Я нехотя повернула голову и разглядела в тусклом свете тщедушную фигуру Дитриха. Он по-прежнему был бодр и доволен собой. От него всё ещё веяло уличным холодом. На его обветренном лице сияла улыбка. «Опять он!» Я инстинктивно вскочила и сделала три шага назад, пока не упёрлась спиной в стену. Инспектор нагрянул как раз в ту минуту, когда я окончательно отвыкла от его подхихикиваний, от его бархатного, как у змея-искусителя, голоса, от этого гипнотического взгляда, но самое главное, от его полунамёков. Я с ужасом поняла, что в этот раз мне, как это ни прискорбно, не выстоять очередную партию. По-хорошему, мне сейчас ничего не остаётся, кроме как сдаться на милость победителю и, наконец, дать исчерпывающие показания. Но я не привыкла сдаваться без боя. Нельзя давать ему иллюзию собственного превосходства. Я решаю принять его игру.
— Надеюсь, он у вас действительно добрый, — отвечаю я с презрительной усмешкой.
Дитрих по-прежнему улыбается. Он уже одет не во всё чёрное, напротив — на нём белая рубашка и новенький жилет. Он всё больше седел, однако по-прежнему оставался будто законсервированным. С другой стороны, упыри никогда не стареют, наверняка это относится и к нашему въедливому сыщику.

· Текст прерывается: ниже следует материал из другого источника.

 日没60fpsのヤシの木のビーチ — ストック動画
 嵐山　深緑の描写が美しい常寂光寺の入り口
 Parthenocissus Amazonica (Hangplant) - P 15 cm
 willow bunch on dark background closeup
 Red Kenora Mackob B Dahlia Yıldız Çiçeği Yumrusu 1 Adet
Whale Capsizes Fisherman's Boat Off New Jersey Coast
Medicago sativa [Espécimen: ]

— Как вы себя чувствуете? — спросил инспектор, глядя на меня с неподдельным интересом.
— Спасибо, не очень, — ответила я.
— Понимаю, — развёл руками инспектор. — Лишение свободы пагубно сказывается на человеческой психике. Особенно когда вам никто не пишет, фактически, от вас отказались все. Я ещё в первый день заподозрил вас в убийстве, но мог ли я, имея на руках только подозрения, приказать арестовать вас? Нет, тут надо было действовать тоньше. Косвенные улики, как палка о двух концах. Не подкреплённые признанием обвиняемого, они подобны карточному домику. Любой хоть чуточку грамотный адвокат развалит это дело в суде за пару минут.
— А если обвиняемый молчит? — вызывающе бросила я. — Пытать будете?

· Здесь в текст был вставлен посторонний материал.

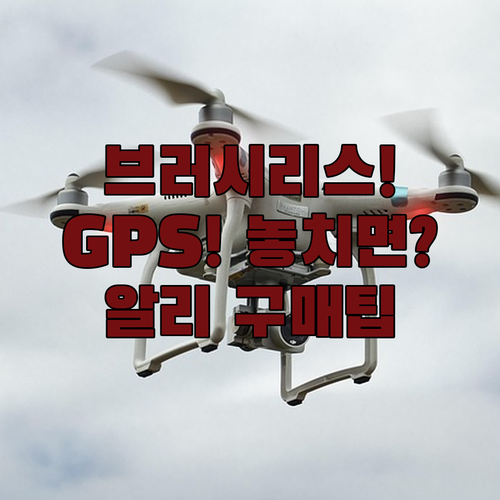 브러시리스 모터와 GPS 알리 입문용..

— Пытки — прошлый век, — спокойно ответил Дитрих. — Однако некоторые не гнушаются использовать старые добрые методы для получения признания. Я всегда был категорически против этого. Ну вот начни я пытать преступника, хоть бы он и виновен был, ведь ему тем самым моральную опору дам — сыщик бессилен что-то доказать и срывает зло на том, кто заведомо слабее, кто не сможет защитить себя. Между тем, это бросает тень не столько на сыщика, сколько на всё отделение. Смеётесь? Но ведь это так. Начни я вас пытать, вы только крепче зубы стиснете и будете молчать, посмеиваясь над моими потугами выудить признание. Скажете, это не так? — инспектор смерил меня взглядом. — Не отвечайте. Не подумайте, чтобы я вас ненавидел, нет. Сыщики не приучены судить человека только за то, что он есть. Конечно, я, как сыщик и как человек, категорически не одобряю того, что вы сделали, но признаюсь, вы мне очень симпатичны — у вас огромная сила воли, вы сильны духом. Я уверен, не случись чего-то такого, экстраординарного, вы бы дотерпели до конца года, а там уже новый коллектив, вы бы по-другому взглянули на жизнь.

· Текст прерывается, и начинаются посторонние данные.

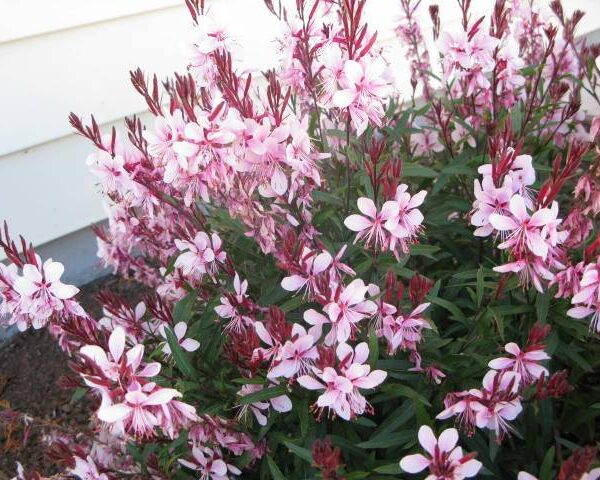 Pink Gaura Butterfly Bush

Я с ногами влезла на нары и решила на монологи инспектора отвечать язвительными колкостями. Если я покажу ему, что он попал в цель, он начнёт методично дожимать меня. Сейчас он не казался мне чудовищно душным человеком, напротив, он проявлял ко мне куда больше внимания, чем когда-то родители. Иногда мне казалось, что со мной он проводит больше времени, чем с собственной женой. Нетрудно было догадаться, что к собственным детям он относится с таким же холодным равнодушием, как и к посторонним людям.
— Вы бы так о своих детях заботились, как о преступниках! — бросила я и, кажется, смутила инспектора.